Annabelle (October 30/14)
A prequel to 2013's The Conjuring, Annabelle follows newly-married couple Mia (Annabelle Wallis) and John (Ward Horton) as they find themselves forced to battle a malevolent demon housed within the titular doll. It's clear immediately that Annabelle's biggest hurdle to overcome is its almost aggressively bland protagonists, as both Wallis and Horton, though competent performers, are simply unable to inject their respective characters with any depth or color - which naturally prevents the viewer from working up a rooting interest in Mia and John's continuing survival. Their blandness stands in sharp contract to the film's visuals, as director John R. Leonetti generally does an effective job of injecting the proceedings with a stylish, foreboding atmosphere (ie it becomes increasingly clear that Leonetti, along with cinematographer James Kniest, has been influenced by Roman Polanski's Rosemary's Baby). Likewise, Annabelle boasts a handful of unexpectedly gripping sequences that are, for the most part, far better than one might've anticipated - with the best and most obvious example of this a fantastic interlude in which Mia finds herself unable to escape a dark storage room. And yet the film never quite manages to coalesce into a cohesive whole, with the often excessively deliberate pace, in the second half, compounded by a tedious emphasis on the mystery behind Annabelle's existence. The lack of visceral thrills - ie this is a killer doll movie without a killer doll - ultimately confirms Annabelle's place as a slightly above average yet run-of-the-mill ghost story, although it's just as clear that the film basically works as a setup to James Wan's slightly superior The Conjuring.
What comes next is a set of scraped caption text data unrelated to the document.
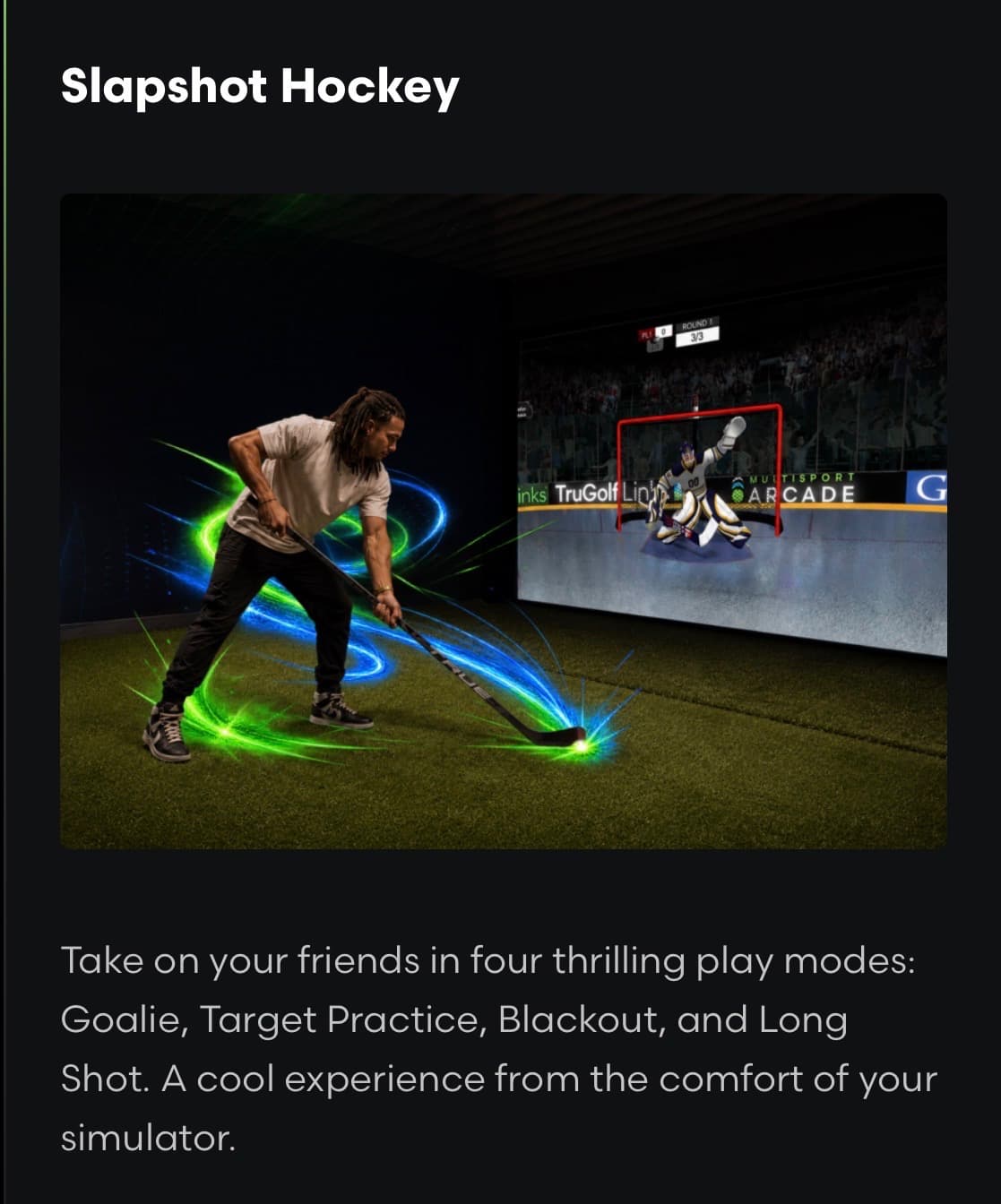Player taking a shot at a projected hockey goal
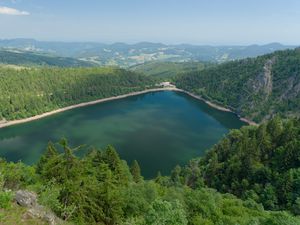 Preview wallpaper lake, trees, forest, nature, clouds, landscape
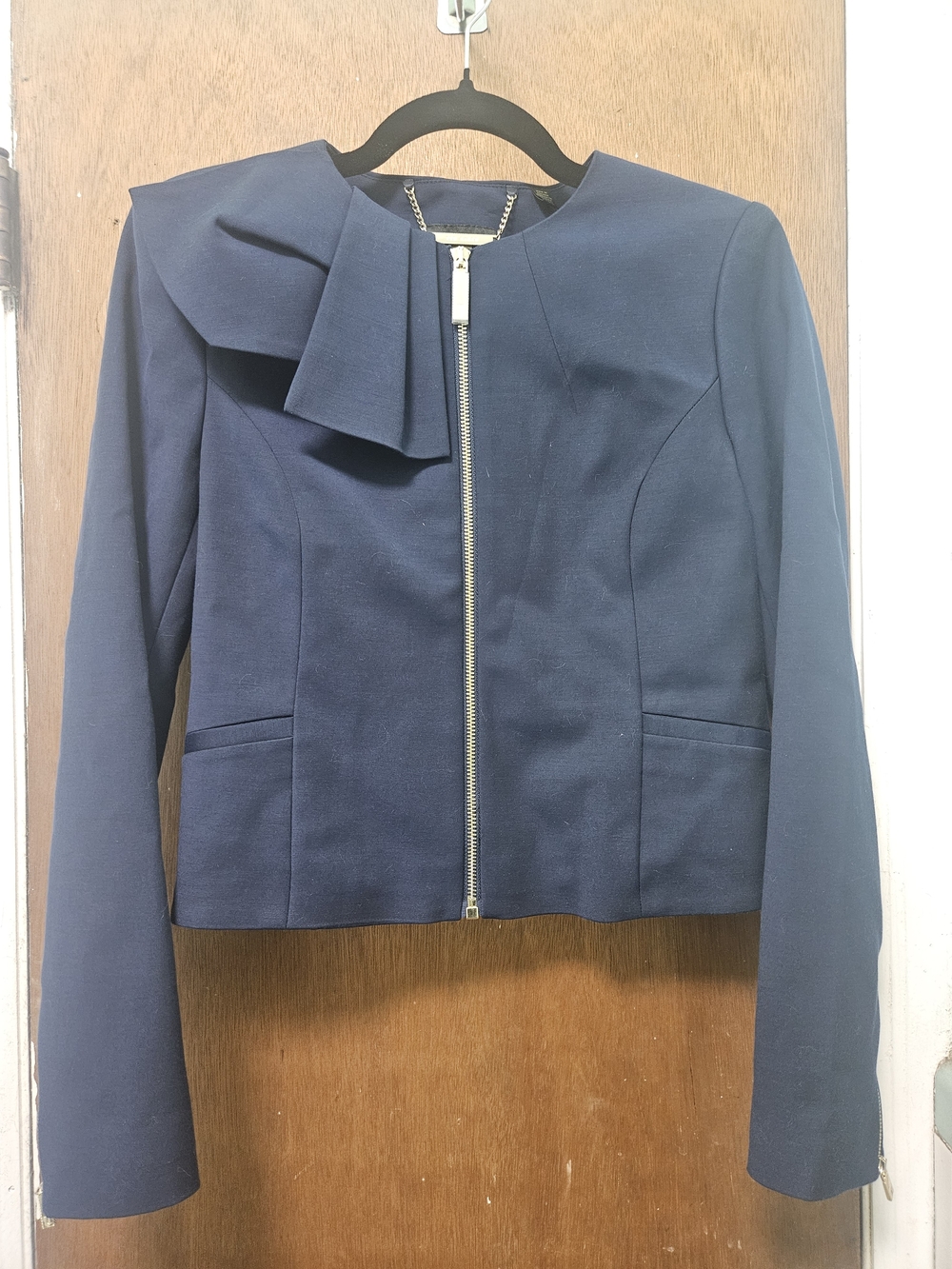 Ted Baker Navy Ruffle Zip Front Jacket - Picture 6 of 9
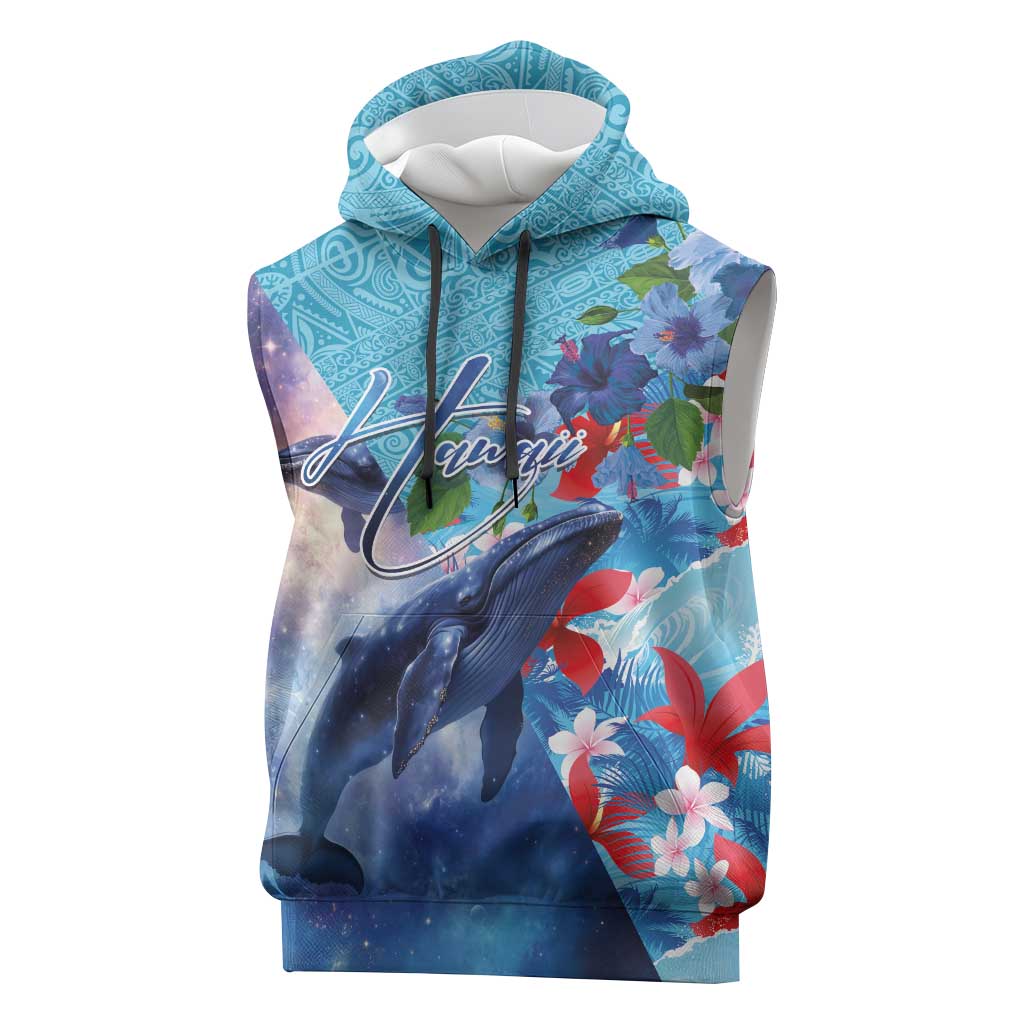 Hawaii Aloha Whales Sleeveless Hoodie Hibiscus and Whales with Polynesian Pattern LT03 Blue - Polynesian Pride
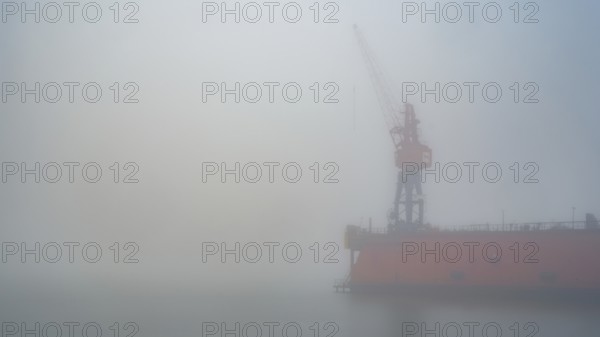View of a dry dock at the port of America with a crane standing in fog, Cuxhaven, Lower Saxony, Germany
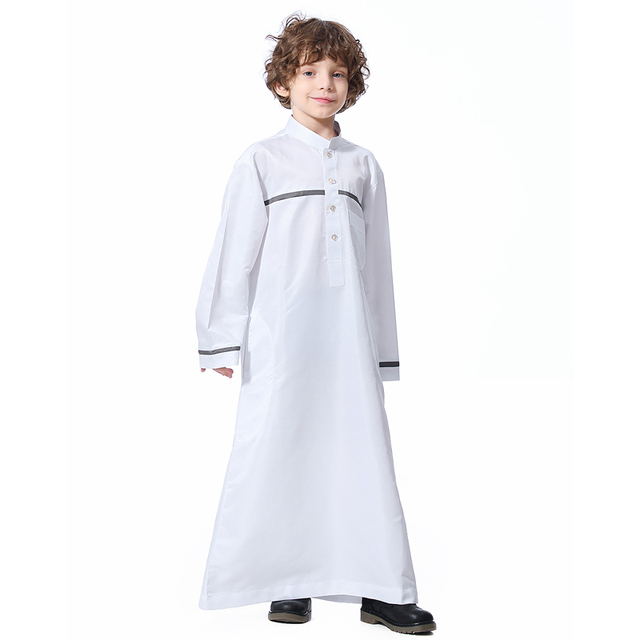 Muslim Arab Jubba Boys Robe Kids Abayas Kaftan Islamic Clothing Long Sleeve Thobe Middle East Teenage Clothing Ramadan Dress Eid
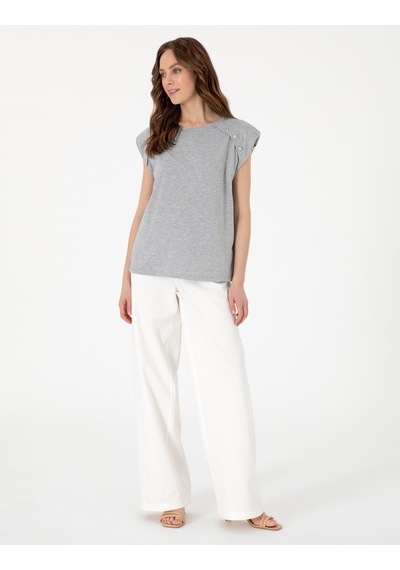Pierre Cardin Kadın Gri Melanj Tişört 50301482-vr086 Gri Melanj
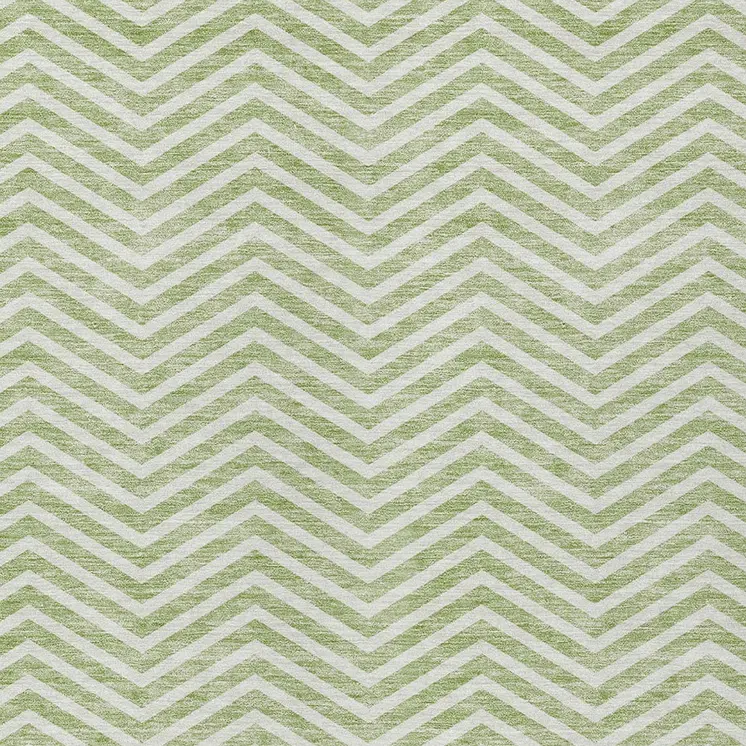 10' X 14' Artichoke Green And Ivory Chevron Washable Indoor Outdoor Area Rug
The Skeleton Twins (October 30/14)
The Skeleton Twins casts Bill Hader and Kristen Wiig as estranged siblings Milo and Maggie, with the film detailing the pair's reluctant reunion following Milo's botched suicide attempt. There's little doubt that The Skeleton Twins, despite its various deficiencies, benefits substantially from the stellar work by both Hader and Wiig, as the erstwhile SNL performers step into the shoes of their respective characters with an ease that's often astonishing. It doesn't hurt, either, that the two actors share a sense of chemistry together, with the brother/sister relationship between Milo and Maggie boasting an authentic feel that's impossible to resist. Filmmaker Craig Johnson, along with coscreenwriter Mark Heyman, employs a rather episodic structure that does, however, essentially result in an absence of momentum, with the movie's erratic atmosphere ensuring that certain sequences and stretches fare better than others. The meandering midsection is especially problematic, to be sure, and it becomes, to an increasingly noticeable degree, more and more difficult to overlook the lack of cohesion within the movie's narrative. Johnson admittedly manages to keep things interesting by peppering the proceedings with a handful of above-average interludes, including an absolutely captivating moment in which Milo and Maggie lipsync Starship's "Nothing's Gonna Stop Us Now." But the uneven vibe prevents The Skeleton Twins' climactic emotional revelations from possessing the impact or resonance that Johnson has surely intended, which finally does confirm the movie's place as a well-acted yet only sporadically engaging little comedy/drama.
Ouija (October 30/14)
A fairly generic teen horror flick, Ouija follows several friends as they're pursued (and killed) by a malevolent demon after communicating with it via the title object. Director Stiles White admittedly does a nice job of initially luring the viewer into the familiar proceedings, as Ouija kicks off with an unexpectedly effective pre-credits sequence detailing one girl's demise at the hands of said malevolent demon. The movie, past that point, generally unfolds as one might've anticipated based on the premise, and yet it's worth noting that the film's first half never quite becomes the tedious ordeal it could have - with White's stylish visuals certainly playing an integral role in perpetuating Ouija's watchable atmosphere. But the uniformly bland performances and increasingly by-the-numbers storyline slowly-but-surely drain one's interest and enthusiasm, with, in terms of the latter, scripters Juliet Snowden and White's decision to emphasize the surviving characters' Ring-like investigation into their oppressors horrific past paving the way for a decidedly underwhelming second half (ie this sort of thing has been done to death over the last few years). By the time the typically overblown finale rolls around, Ouija has established itself as a garden-variety PG-13 horror film that's almost a cut above most of its similarly-themed brethren. (Almost, but not quite.)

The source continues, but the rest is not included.